16. The Panel acknowledged that the Registrant had engaged with the regulatory process and had taken appropriate steps towards remediation. However, the Panel was not satisfied that the progress the Registrant had made was sufficient to demonstrate that her fitness to practice is no longer impaired and that, as a consequence, she would be fit to return to the Register unrestricted.
17. The Panel was particularly concerned that the Registrant’s reflections lacked depth and the quality of analysis expected of a Practitioner Psychologist. The Panel took the view that, given the Registrant’s professional background, she ought to have been able to provide more meaningful reflections on her previous conduct and behaviour, articulate why it had occurred, and explain the link with her behaviour and her actions. The Panel noted that the Registrant’s oral evidence was more developed than her written evidence, but the Panel was concerned that she had to be prompted to provide a more detailed analysis of her own behaviour. The Panel also noted that at no time during her oral evidence did the Registrant make specific reference to the actions that led to the findings that were made against her. The Panel made appropriate allowances for the inherent stress involved in giving evidence and noted the Registrant’s feelings of “shame”. However, the Panel concluded that although the Registrant appreciated the impact her actions have had on her from a personal perspective, in the absence of meaningful insight, the Panel could not be satisfied that the Registrant fully appreciated the gravity of her previous conduct on her credibility as a Practitioner Psychologist.
18. The Panel was also concerned that the Registrant had not fully disclosed her Conditions of Practice Order to the women’s aid charity in advance of her employment. The Panel took the view that, by leaving room for ambiguity, the Registrant demonstrated that she had not fully appreciated the need for her prospective employer to conduct its own risk assessment based on an open and transparent disclosure. The Panel noted that the Registrant considers herself to be ready to resume unrestricted practice but the Panel took the view that a period of supervision in a clinical setting would provide the best evidence that she has learnt from her mistakes and has the resilience to maintain professional boundaries at all times.
19. For these reasons, the Panel determined that the Registrant’s fitness to practice remains impaired.
20. Having determined that the Registrant’s fitness to practise remains impaired the Panel went on to consider what sanction, if any, to impose.
21. The Panel first considered taking no action. The Panel concluded that, in view of the nature and seriousness of the Registrant’s misconduct, which remains un-remediated, to take no action on her registration would be inappropriate. Furthermore, it would be insufficient to protect the public, maintain public confidence and uphold the reputation of the profession.

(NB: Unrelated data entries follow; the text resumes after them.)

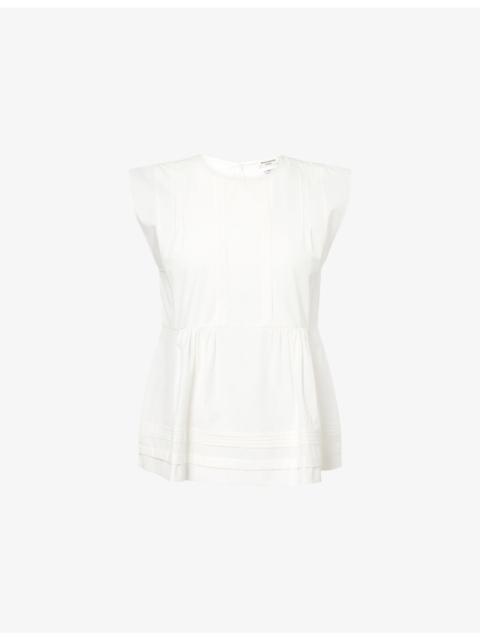 WEEKEND Max Mara Crew-Neck Sleeveless Cotton Top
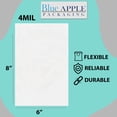 thumbnail image 2 of 4Mil Clear Flat Open Top Poly Bags LDPE Packaging - 6"X8" & (1000 Bags), 2 of 7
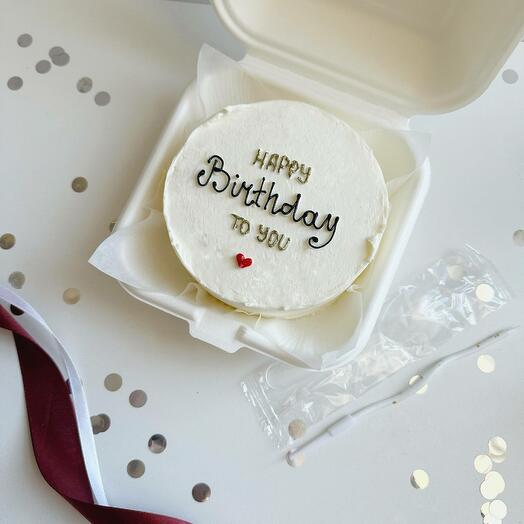 Бенто торт в подарок Happy Birthday с днем рождения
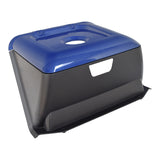 Battery Cover for the Pride Pursuit XL (SC714), featuring a black and blue plastic container with a hole on the top, designed to protect the scooter's batteries.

22. The Panel went on to consider a Caution Order. As the Registrant has demonstrated insufficient insight into her misconduct, the Panel concluded that a Caution Order would be inappropriate and insufficient to protect the public and meet the wider public interest.
23. In considering whether to maintain the current Conditions of Practice Order, with or without amendment, the Panel noted paragraph 33 of the Indicative Sanctions Policy, which states:
“Conditions will rarely be effective unless the registrant is genuinely committed to resolving the issues they seek to address and can be trusted to make a determined effort to do so.”
24. The Panel was satisfied that the Registrant has demonstrated a genuine commitment to returning to practice as a Practitioner Psychologist. The Panel took the view that the Registrant’s current inability to demonstrate that she is fit to practise unrestricted is due, at least in part, to a difficulty in securing employment in a clinical setting. The Panel noted that this difficulty cannot be separated from the legitimate concern that any prospective employer would have in employing a practitioner who had failed to maintain professional boundaries with a patient which included sexually motivated behaviour, given that maintenance of such boundaries is fundamental to the role of a Practitioner Psychologist. Although finding suitable employment would be challenging, the Panel took the view that the Registrant should be given a further opportunity to persuade an employer to offer her either paid or unpaid work in a clinical setting. The Panel was satisfied that the current Conditions of Practice Order adequately protects the public whilst providing the Registrant with the opportunity to demonstrate that she is able to work safely and effectively as a Practitioner Psychologist. Therefore, the Panel concluded that the current Conditions of Practice Order should be extended for a further 12 months. In determining the period the Panel took into account the length of time that may be required for the Registrant to secure suitable employment and the length of time she will need to put into practice her reflections on strategies for maintaining boundaries and her appreciation of the therapeutic relationship between Practitioner Psychologist and service user.
25. Accordingly, the Panel determined that the Conditions of Practice Order should be extended for 12 months. The Panel recognised that the Registrant may have difficulties in gaining employment and/or demonstrating her ability to maintain professional boundaries, but it considered that there is no other means of satisfying a future panel that the risks have been managed appropriately.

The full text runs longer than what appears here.